When he made his own will in 1689, Jonas described himself as a “yeoman being aged but of sound and perfect memory”. He bequeathed his copyhold land and appurtenances (ie Bowers) to his eldest son Joseph, together with yew Tree Farm and all his other freehold lands with the exception of Barnes Dene Close, and Dennis Croft and 3 roods of arable land in Manland Common, which were left to his other son, also called Jonas. his wife Mary was to receive an annuity of £5 paid by Joseph, and to have his household goods. There is an inventory with his will, but it does not list the contents of the house, it only gives his farm stock. It is quite a short list, with a total of £176, of this £80 was the value of the wheat in the barn and wheat in the ground, and his only equipment was two old carts and two old ploughs and harrows.

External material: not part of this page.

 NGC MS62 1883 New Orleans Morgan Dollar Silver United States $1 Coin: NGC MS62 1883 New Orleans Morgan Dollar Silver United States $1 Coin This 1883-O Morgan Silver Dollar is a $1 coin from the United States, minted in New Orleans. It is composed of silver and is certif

Two years after the death of Jonas Bray, Bowers was again mentioned in a marriage settlement, this time that of Jacob Wittewronge and Elizabeth Cogghill; and dated that same year, 1692, there is an account of the work done and money paid for repairs at the house. The bill tells us how much the sawyers were paid for the “rending of hartlath and saplath” and for the “slitwork for rafters”. Mr Crossly was paid 1/- (5 pence) for 2 loads of sand and 3/- (15 pence) for gathering 9 sacks of moss. The largest expenditure was £2 8/- to henry Staker for 2,000 bricks and 5 quarters of lyme and 10/- for 80 “guttertyles”/ The total bill was £10.8s.2d. So it seems that before the end of the 17th century Bowers had a tiled roof in place of its original thatch. on 16 july 1693 there is a record of Joseph Bray having paid, in part, his lady day rent, showing that he was still the tenant, if not for much longer.

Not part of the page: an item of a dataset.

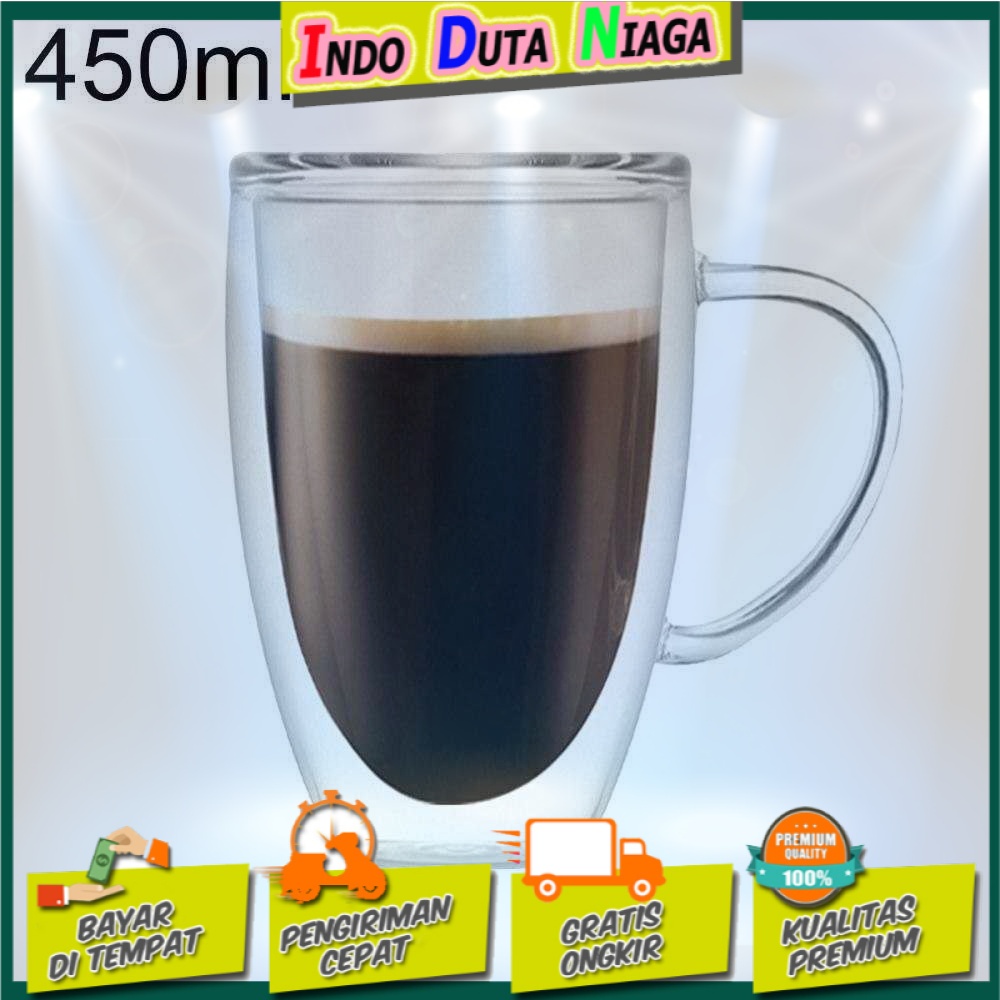 One Two Cups Cangkir Kopi Anti Panas Double-Wall Round 450ml Handle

Jacob Wittewronge, who was only 22 and not long married, died that same year (1693). His son Jacob was born postumously and Elizabeth Wittewronge married Anthony Ettrick. Jacob married his cousin Ann Hale in 1721 and the marriage settlement on this occasion stated that Bowers was then in jointure to Elizabeth Ettrick. his mother. The Poor Rate of 1735 tells us that mrs Ettrick was still there and that a John Kerk also paid a rate for his part of Bowers land.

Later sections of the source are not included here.